Rollercoaster Ride Continues For Energy Prices
The rollercoaster ride continues for energy prices, although it seems to be a pared down version so far compared to the huge swings we saw last week. An OPEC meeting, new COVID restrictions, the Suez Canal and equity market drama are all getting some credit for the recent run-up in volatility.
The great refinery restart seems to be entering its final phase, as more units return to operation, and markets across Texas have seen their supply levels get closer to normal. It will probably take another week or two for those supplies to make their way through the Colonial system, but we’re already seeing spot and rack spreads from the southwest to the southeast collapsing as the risk of runouts diminish.
The Suez Canal was cleared on Monday and more than 100 ships are estimated to have transited the waterway in both directions since the ship was finally floated, thanks in large part to the moon. It will take several more days to clear the backlog of ships, but it seems like the market has already put this situation in the rearview mirror.

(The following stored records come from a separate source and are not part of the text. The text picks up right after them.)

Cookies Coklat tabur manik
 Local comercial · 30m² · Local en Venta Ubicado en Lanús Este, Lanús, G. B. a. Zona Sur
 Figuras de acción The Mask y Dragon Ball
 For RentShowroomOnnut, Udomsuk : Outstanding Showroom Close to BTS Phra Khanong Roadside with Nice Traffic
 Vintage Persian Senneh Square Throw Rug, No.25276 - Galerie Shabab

A new 25 year agreement between China and Iran looks like it will be bearish for oil prices, as it will allow Iran to circumvent U.S. sanctions and bring more of its oil to market.
The EIA this morning published a look at U.S. retail gasoline prices, which are up $1/gallon from a year ago, after seeing their longest streak of weekly increases in 25 years.
Today’s interesting read: How the big Ag companies are positioning themselves to benefit from the Renewable Diesel production boom. The spike in soybean oil prices caused by this phenomenon is getting much of the credit for the recent run up in RIN prices, although they’ve seen a big pullback in the past week as bean oil prices pulled back from 9 year highs.
There were plenty of stories about a sketchy hedge fund blowing up and creating unprecedented margin calls that forced huge stock sales over the past couple of days. It appears that there was not any direct connection to this situation and energy companies or commodities in general, so it’s unlikely it contributed to the wild price swings we saw last week, or the junior version of them we’re seeing so far this week. That said, when fear starts to drive the price action, the correlation between energy and equity markets often gets stronger, so there could be an influence if the unrest starts to spread.